[Lustre-devel] SAM-QFS, ADM, and Lustre HSM

Mon Jan 26 11:57:28 PST 2009

On Jan 23, 2009  12:39 -0500, Shipman, Galen M. wrote:
> Looks like HPSS will support EA in 7.1.2.0, June 2009
> I have asked Vicky here at ORNL to dig a bit into what the EA features will
> look like.  Do we have a set of requirements for EAs for HSM integration?

As yet we don't have a hard requirement for EAs in HSM.  We would ideally
keep the LOV EA for the file layout in the HSM, so that the file gets
(approximately) the same layout when it is restored.  This is only really
needed for files that were not allocated using the default layout, and
we might consider saving e.g. "stripe over all OSTs" instead of "stripe
over N OSTs" so that if the number of OSTs increases from when the file
was archived until it is restored the new file gets the full performance.
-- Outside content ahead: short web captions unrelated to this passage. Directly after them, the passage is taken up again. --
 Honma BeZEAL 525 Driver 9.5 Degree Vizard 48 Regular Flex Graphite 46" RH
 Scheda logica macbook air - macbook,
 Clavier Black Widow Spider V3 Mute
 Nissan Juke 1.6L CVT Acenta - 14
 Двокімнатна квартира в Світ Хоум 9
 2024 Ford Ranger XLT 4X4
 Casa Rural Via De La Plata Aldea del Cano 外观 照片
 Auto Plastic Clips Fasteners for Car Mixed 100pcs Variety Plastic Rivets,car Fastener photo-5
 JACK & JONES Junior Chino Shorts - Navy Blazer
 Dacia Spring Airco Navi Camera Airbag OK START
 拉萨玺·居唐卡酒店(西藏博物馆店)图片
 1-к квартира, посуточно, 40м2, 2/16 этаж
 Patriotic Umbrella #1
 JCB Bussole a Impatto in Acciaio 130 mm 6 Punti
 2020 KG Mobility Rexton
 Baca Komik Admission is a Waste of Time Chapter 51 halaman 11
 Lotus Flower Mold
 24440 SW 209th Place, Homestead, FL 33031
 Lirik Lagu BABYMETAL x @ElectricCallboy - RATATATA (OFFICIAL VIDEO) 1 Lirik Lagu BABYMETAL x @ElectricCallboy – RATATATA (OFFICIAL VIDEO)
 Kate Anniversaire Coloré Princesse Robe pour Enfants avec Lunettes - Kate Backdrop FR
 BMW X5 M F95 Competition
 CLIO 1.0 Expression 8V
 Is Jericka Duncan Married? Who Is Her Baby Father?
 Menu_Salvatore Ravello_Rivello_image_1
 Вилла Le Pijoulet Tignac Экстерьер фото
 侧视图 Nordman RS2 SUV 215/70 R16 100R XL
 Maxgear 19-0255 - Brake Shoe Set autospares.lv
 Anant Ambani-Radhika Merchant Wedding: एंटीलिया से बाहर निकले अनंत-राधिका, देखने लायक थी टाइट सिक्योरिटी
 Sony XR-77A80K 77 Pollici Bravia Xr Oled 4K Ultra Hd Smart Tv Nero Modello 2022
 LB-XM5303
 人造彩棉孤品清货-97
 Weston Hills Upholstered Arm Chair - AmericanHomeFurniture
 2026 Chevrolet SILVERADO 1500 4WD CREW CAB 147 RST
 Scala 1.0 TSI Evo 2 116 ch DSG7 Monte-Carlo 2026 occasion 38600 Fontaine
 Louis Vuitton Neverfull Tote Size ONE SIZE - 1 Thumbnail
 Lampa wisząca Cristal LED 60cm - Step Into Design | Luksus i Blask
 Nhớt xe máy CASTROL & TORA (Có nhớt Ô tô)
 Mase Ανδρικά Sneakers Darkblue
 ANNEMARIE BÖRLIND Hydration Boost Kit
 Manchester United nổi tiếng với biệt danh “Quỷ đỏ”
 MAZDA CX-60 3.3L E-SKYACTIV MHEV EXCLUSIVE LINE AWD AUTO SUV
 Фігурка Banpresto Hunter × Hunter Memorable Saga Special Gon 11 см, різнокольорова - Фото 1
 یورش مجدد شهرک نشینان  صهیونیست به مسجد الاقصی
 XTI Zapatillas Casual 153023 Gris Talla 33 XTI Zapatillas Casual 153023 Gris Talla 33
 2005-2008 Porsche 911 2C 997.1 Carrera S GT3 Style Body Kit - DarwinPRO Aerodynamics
In the absence of EAs in the HSM we could fall back to using a tar file
format that supports EAs (as in RHEL5.x and star) to store the layout
information.  We are also considering to keep the layout information in
the MDS, but that doesn't help in the "backup" use case where the file
was deleted or the MDS is lost.

> -----Original Message-----
> From: Andreas.Dilger at sun.com on behalf of Andreas Dilger
> Sent: Thu 1/22/2009 5:55 PM
> To: Nathaniel Rutman
> Cc: Hua Huang; lustre-hsm-core-ext at sun.com; lustre-devel at lists.lustre.org; Karen Jourdenais; Erica Dorenkamp; Harriet.Coverston at sun.com; Rick Matthews; karl at tacc.utexas.edu
> Subject: Re: SAM-QFS, ADM, and Lustre HSM
>  
> On Jan 22, 2009  12:46 -0800, Nathaniel Rutman wrote:
> > QFS has a Linux native client  
> > So the copy nodes would be linux nodes acting as clients for both Lustre  
> > and QFS.  This would generally result in two network hops for the data,  
> > but by placing the clients on OST nodes and having the coordinator  
> > choose wisely, we can probably save one of the network hops most of the  
> > time.  This may or may not be a good idea, depending on the load imposed  
> > on the OST.  The copytool would also require us to pump the data from  
> > kernel to userspace and back, potentially resulting in significant bus  
> > loading.  We could memory map the Lustre side
> 
> I was just wondering to myself if we couldn't make an optimized "cp"
> command that would work in the kernel and be able to use newer APIs
> like "splice" or just a read-write loop that avoids kernel-user-kernel
> data copies.  Unfortunately, I don't think mmap IO is very fast with
> Lustre, or memcpy() from mmap Lustre to mmap QFS would give us a single
> memcpy() operation (which is the best I think we can do).
> 
> > There are two items that I can think of that may be archive-specific
> > 1. hash the fids into dirs/subdirs to avoid a big flat namespace
> > 2. inclusion of file extended attributes (EAs)
> > But in fact, I don't know enough about HPSS to say we don't need these  
> > items anyhow.  CEA, can you comment?
> > I think current versions of HPSS are able to store EAs automatically,  
> > and QFS is not, so that may be one difference.
> 
> I got a paper from CEA that indicated HPSS was going to (or may have
> already) implemented EA support, but it isn't at all clear if that
> version of software would be available at all sites, since AFAIK it
> is relatively new.
> 
> Cheers, Andreas
> --
> Andreas Dilger
> Sr. Staff Engineer, Lustre Group
> Sun Microsystems of Canada, Inc.
> 

Cheers, Andreas
--
Andreas Dilger
Sr. Staff Engineer, Lustre Group
Sun Microsystems of Canada, Inc.